プライバシー対策後のデータ活用が持つ可能性
MZ:3rdパーティデータを掛け合わせることで、企業はどのようなことが可能になるのでしょうか。
岩井:概念的な説明になりますが、1stパーティデータはユーザーがきちんと識別できている状態です。それに対し3rdパーティデータは、ユーザーデータの大きな集まりなので、輪郭は見えないけれど傾向がわかる状態です。この2つを組み合わせることで、ユーザーの輪郭に加え、そのユーザーの傾向が見えてきます。
たとえばクレジットカード会社に申し込みをする時、関心事に「旅行」と書いて申し込みをした人がいるとします。するとカード会社では「旅行先でカードを使ってもらうと、還元ポイントを高くする」といったキャンペーン時に、真っ先にこの人に知らせようとするでしょう。
しかし、興味関心は移り変わります。この人も単なる観光ではなく、お気に入りのスポーツチームの観戦を兼ねる旅をするようになったとします。インターネット上での購買や閲覧行動もそのスポーツに関するものが増えてきて、明らかに行動が変わってきました。しかし、自社データだけでは、この変化を見落とす可能性もあります。この人に旅行キャンペーンばかり送るとノイズになりかねませんよね。かといって、「あなたの興味関心は何ですか?」と聞き続けることも現実的ではありません。
ここで役立つのが3rdパーティデータです。DMP事業者の場合、ユーザーの現在の行動データを基にしているので、興味関心の推移を捉えることができます。先程の例も1stパーティデータを掛け合わせることで、スポーツ鑑賞特典やスポーツグッズの購入還元ポイントなど、その状況に合わせて最適なオファーを出せるようになるでしょう。
MZ:なるほど。このような活用をしていくためには、消費者の同意が必須ですね。
上野:そうですね。その実現のために、まずは社内のすべてのステークホルダーの方と共に、今後に向けての対応を整理し、消費者のメリットも踏まえながら同意に基づいたデータ収集、活用までを一貫して支援したいと考えています。
すべての企業が等しくユーザーデータを活用できるように
MZ:3rdパーティデータ取り扱いの規制が強まる中、今後DACでは事業会社に対しどのような価値提供を目指していくのでしょうか。
岩井:2010年代は当たり前のように使っていたユーザーデータですが、2020年に入り、ようやくその活用ルール、つまり作法が整ってきたと捉えています。そして、この同意取得の流れに関して反対する事業会社もほとんどいないと考えています。
一方で、「対応がわからない、コストがかかる、面倒くさい」ために、データ活用そのものを止めてしまう企業が出てくることが懸念されます。しかしながら、企業競争の土壌にデータ活用は欠かせません。もしデータ活用を諦めてしまうと、商品力や販売力より前の段階で競争力に差が出ることになりかねません。これは避けるべき事態です。

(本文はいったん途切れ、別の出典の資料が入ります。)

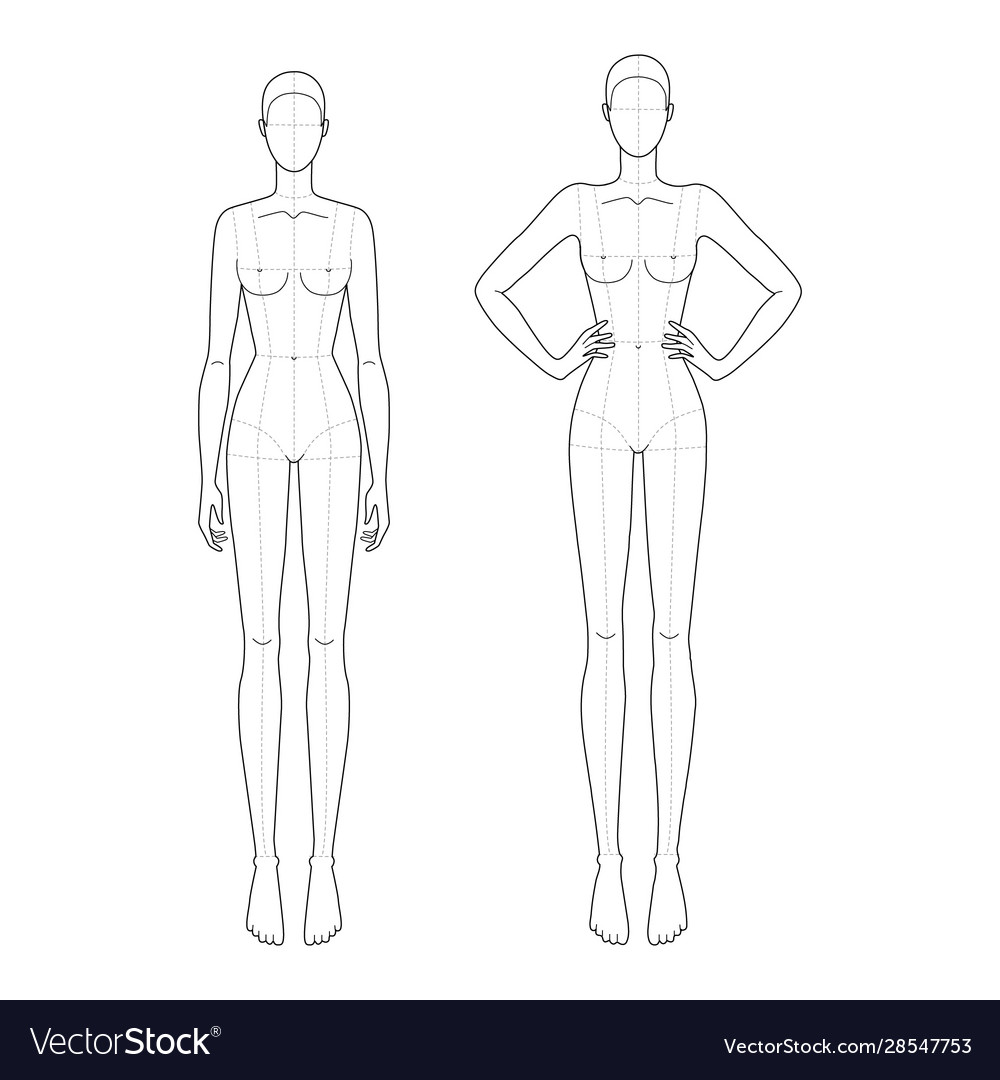 Fashion template 9 head for technical drawing Vector Image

データ活用に後ろ向きになる理由が「わからない、コストがかかる、面倒」の3つならば、私たちはそれらを解消し、企業が等しくユーザーデータを活用して競争力を高め、消費者の良い関係を築いていくことを支援していきたいと考えています。
データ活用に関する適法性のチェックや対応から、消費者との適切なデータ接点の設計、そして3rdパーティデータの活用による高度化まで、DACでは一貫したご支援が可能です。また、スモールスタートに適したソリューションもご用意があります。どこから手を付けるべきか等のご相談もお受けできます。データ活用についてお悩みのある企業は、ぜひ一度お問い合わせいただきたいです。
上野:もちろん「獲得広告をせずに、ブランディング広告に切り替える 」という選択肢もあると思います。しかしそうなると、今まで運用広告経由で得ていた収益がゼロになってしまいます。これまでの収益を失うか、それとも取り組むかを天秤にかけてご検討いただきたいですね。そして取り組むと決められた際は、私たちDACも伴走して最後までご支援できればと思います。
MZ:ありがとうございました。